Um dos comentaristas assíduos uma vez me perguntou se nós, ocidentais, também não podemos ser intolerantes. Eu respondo: é evidente que sim. Somos intolerantes quando esquecemos nossos valores democráticos e mimetizamos as práticas intolerantes de outras culturas. Às vezes fazemos isso baseados em valores democráticos.
É o que está acontecendo na França com a proibição do uso da burca. A direita francesa acusa os muçulmanos de disseminar valores antidemocráticos obrigando as mulheres a usar a vestimenta. Proibiram o seu uso em ambientes públicos. "A questão da burca não é uma questão religiosa, é uma questão de liberdade e de dignidade das mulheres", afirmou Sarkozy sobre a questão.
A reação da direita na França nada mais é do que a resposta radical baseada no pensamento multicultural. Estão pensando seus valores de igualdade e esquecendo a idéia de tolerância. Trata-se de um pensamento intolerante e segregacionista que acredita na efetiva separação entre as culturas. A justificativa para esse absurdo é justamente a ênfase nos valores franceses. Não é contraditório?
Mas eu pergunto: se uma mulher quer usar a burca ou qualquer outra vestimenta considerada ultrajante, como deixar de respeitar sua liberdade? Seria diferente condenar o uso obrigatório, o que não é o caso. Assim, a despeito de proteger a igualdade entre mulheres e homens, viola-se justamente a liberdade das mulheres! É a resposta radical aos relativistas culturais. É como se os franceses dissessem: “Se lá na sua cultura as mulheres ocidentais são obrigadas a cobrir a cabeça, aqui, as mulheres muçulmanas são obrigadas a mostrar. É a nossa cultura!”. Entendem a essência autoritária da coisa? Repetem a atitude intolerante, negando assim seus valores democráticos! Uma pena.

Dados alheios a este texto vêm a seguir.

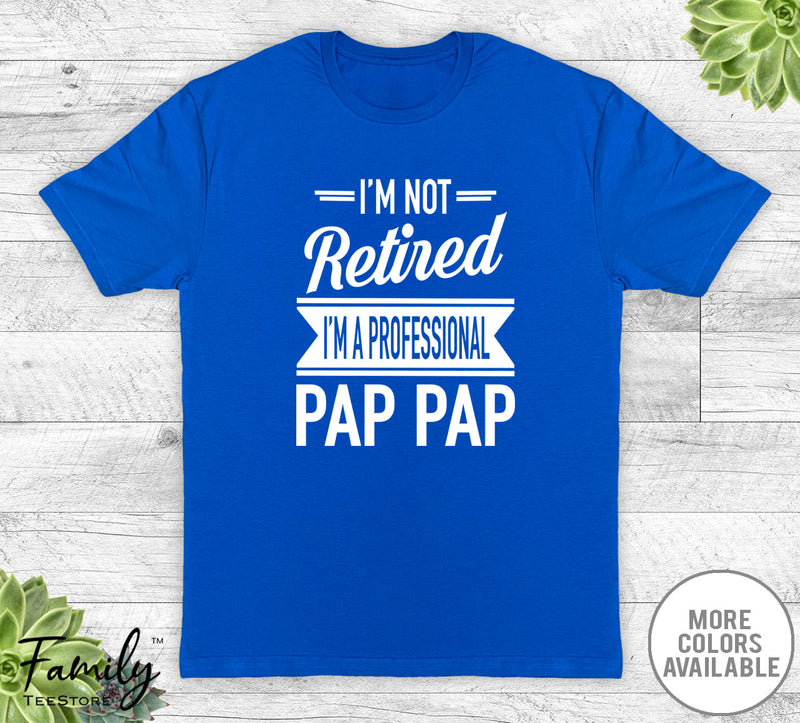 I'm Not Retired I'm A Professional Pap Pap - Unisex T-shirt - Pap Pap Shirt - Pap Pap Gift - familyteeprints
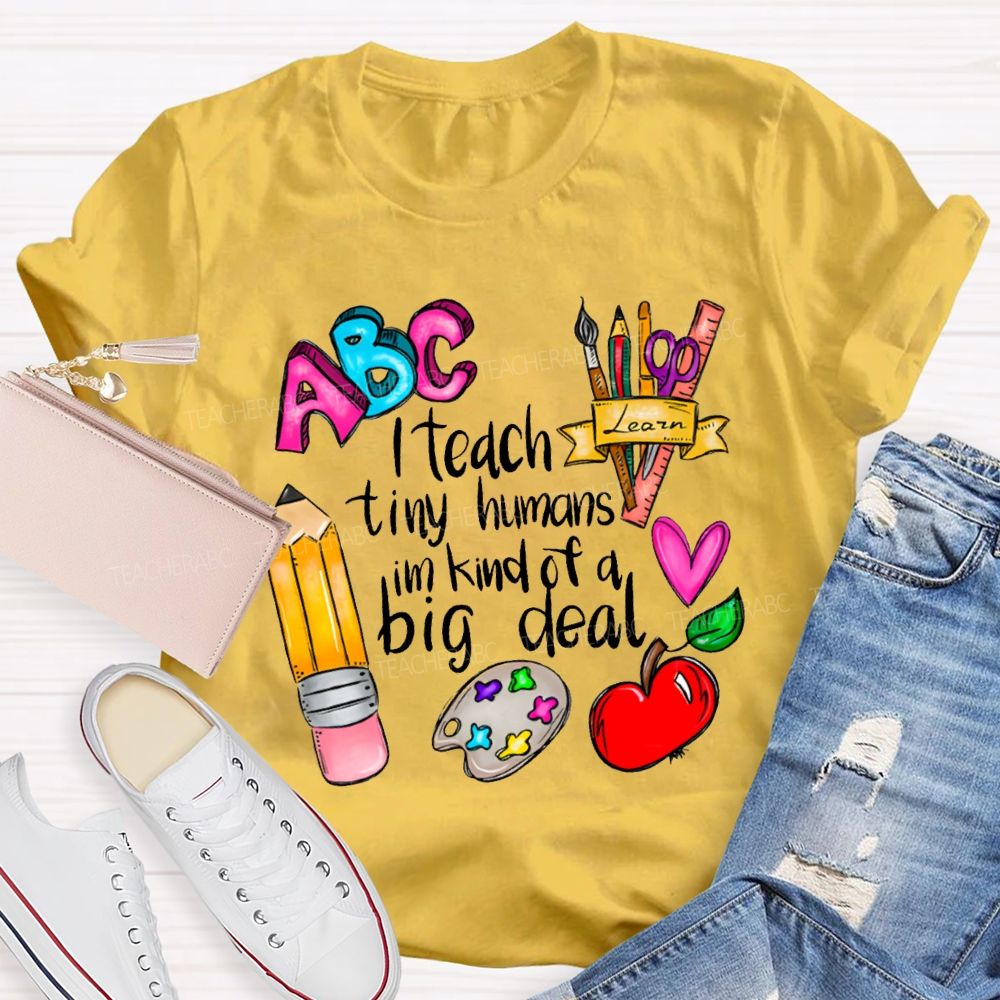 Teach Tiny Humans I'M Kind Of A Big Deal T-shirt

Sabe o que é isso? A exacerbação do discurso multiculturalista e seus mais perniciosos efeitos. O multiculturalismo não gosta muito do termo “tolerância”, acha muito liberal e, portanto, prefere a ênfase nas diferenças entre grupos, raças, etnias e religiões. Sendo assim, a noção de tolerância não tem lugar porque seria uma idéia “eurocêntrica”. O certo não é “tolerar”, é “reconhecer” as diferenças.
Na Europa, esse discurso é particularmente complicado, pois leva à idéia de que a comunidades asiáticas ou muçulmanas que vivem nos países europeus não deveriam se submeter ao disciplinamento dos direitos humanos. Assim as mulheres poderiam ser subjugadas e submetidas a torturas sem que isso configure violação de direitos humanos. Sabe como é, a “cultura deles é assim mesmo”. E esses aspectos deveriam ser reconhecidos pelos franceses.
É contra isso que se volta o discurso de Sarkozy e seus companheiros. Mas a resposta não foi com a aplicação da noção de tolerância. O problema é que a tolerância é um valor. E como tal, é o que permite a convivência democrática das diferenças. Qual o limite para a tolerância? A democracia não pode aceitar práticas que violem suas próprias bases. Não se pode aceitar que, em nome de uma cultura, uma mulher seja subjugada. Mas também não se pode, em nome da democracia, impedir a liberdade de expressão.
O que seria o certo? Proibir que práticas antidemocráticas fossem praticadas em nome da cultura imigrante. Tudo o que for questão estética, artística ou religiosa, desde que não viole a liberdade, deveria ser tolerado. Isso é democracia.
Com a proibição da burca, todos os traços da cultura imigrante estão sendo apagados. Com essa resposta radical, os franceses se igualam aos relativistas, imaginando que sua cultura pode subjugar a outra, ultrapassando os limites da tolerância. Trata-se, portanto, de uma contradição com os valores democráticos. Isso não é liberal. Isso não é tolerância.
É nisso que dá enfatizar diferenças.